5 Most Common Resume Mistakes by Lawyers
- On January 29, 2017
The resume is one of the few things about your career in your control now. Give it proper attention so you present yourself crisply, and avoid these 5 mistakes:
- Too long! Your resume must fit on 1-2 pages, 1 if you graduated fewer than 10 years ago, and 2 for everyone else. One exception is if you have amazing business or technical experience. Another exception is a representative matters/deal list as a separate document or additional page.
- Not including your location. In the Bay Area, traffic is horrific, so employers use location as a screen. If you live near the job or in a central location, definitely list your city.
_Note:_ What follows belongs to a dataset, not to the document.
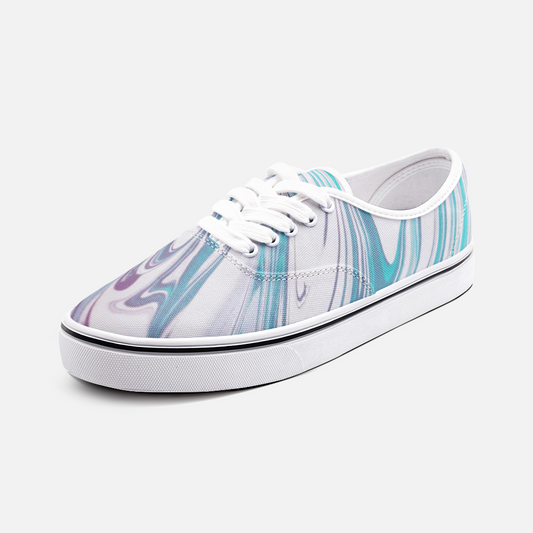 Periibleu Positive Wave Canvas Shoes - Periibleu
- Weird format. Pick a font with serifs like Times New Roman, use round bullets with clean indents, omit the objective section, and avoid multiple columns. Employers are not impressed by creativity with formatting on a resume.
- No narrative. Can readers get a sense of why you moved where and why it would make sense for you to join them? Delete irrelevant information, and add helpful explanations, e.g., your prior company was acquired, you were recruited by a former client, your partner changed firms and you were invited along.
- No details. Most lawyers lay out what they do in the order they do them. Think instead about what the prospective employer values and use concrete details to illustrate that, e.g., supporting executives, cross-functional teams, % growing/$ revenue businesses, etc.